+++ EXERCISE DATA
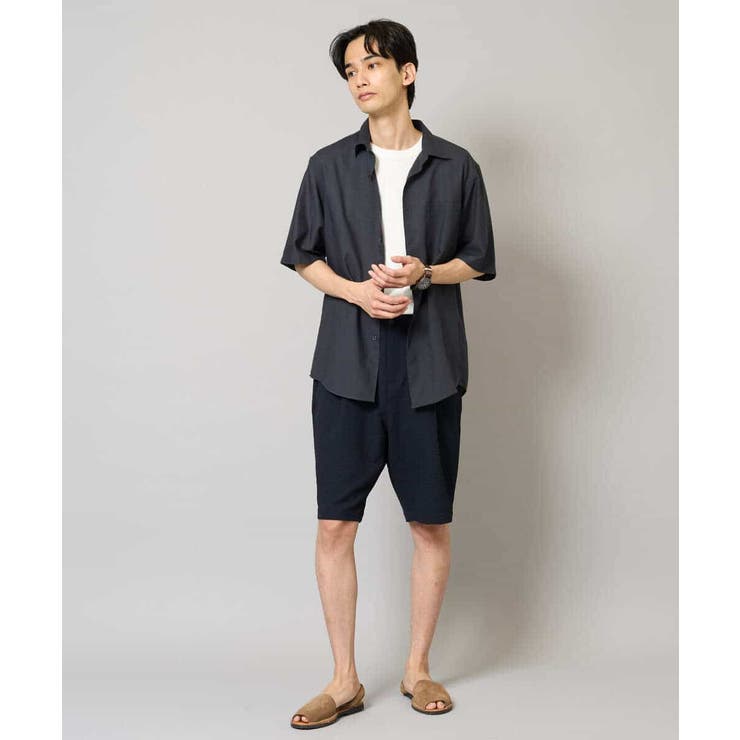 【イージーケア/吸水速乾/毛玉になりにくい】シアサッカーワンタックハーフパンツ | a.v.v【MEN】 | 詳細画像10 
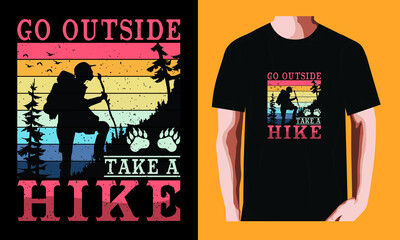 Go outside, take a hike | Summer T-shirt Design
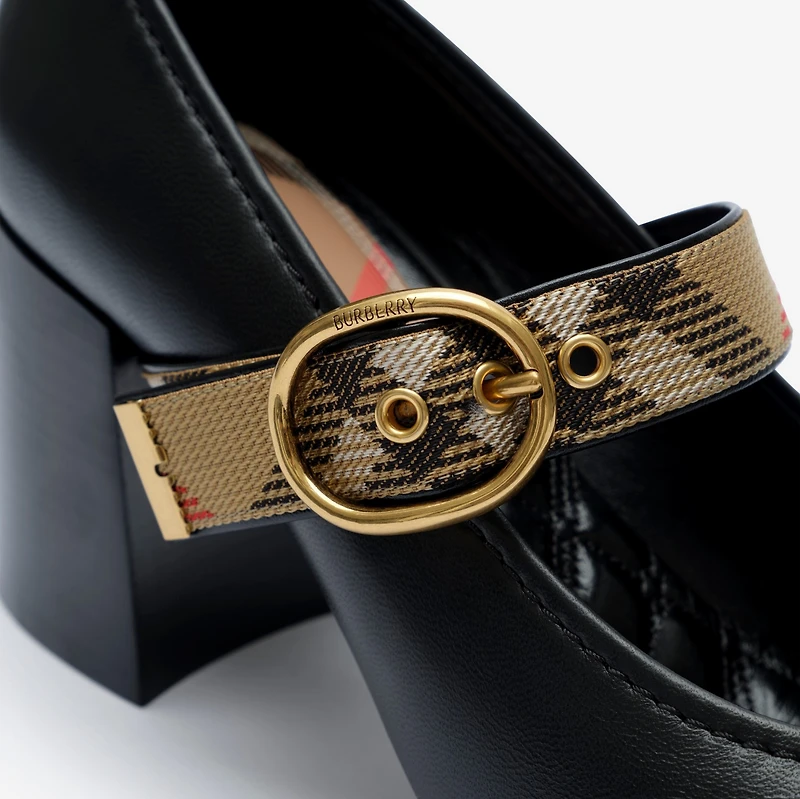 Check Strap Leather Robin Shoes in Black - Women | Burberry® Official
++++++
EXERCISE AIM:
Give back the full listing exactly, with pictures dropped.

ANSWER BELOW:
 【イージーケア/吸水速乾/毛玉になりにくい】シアサッカーワンタックハーフパンツ | a.v.v【MEN】 | 詳細画像10 
 Go outside, take a hike | Summer T-shirt Design
 Check Strap Leather Robin Shoes in Black - Women | Burberry® Official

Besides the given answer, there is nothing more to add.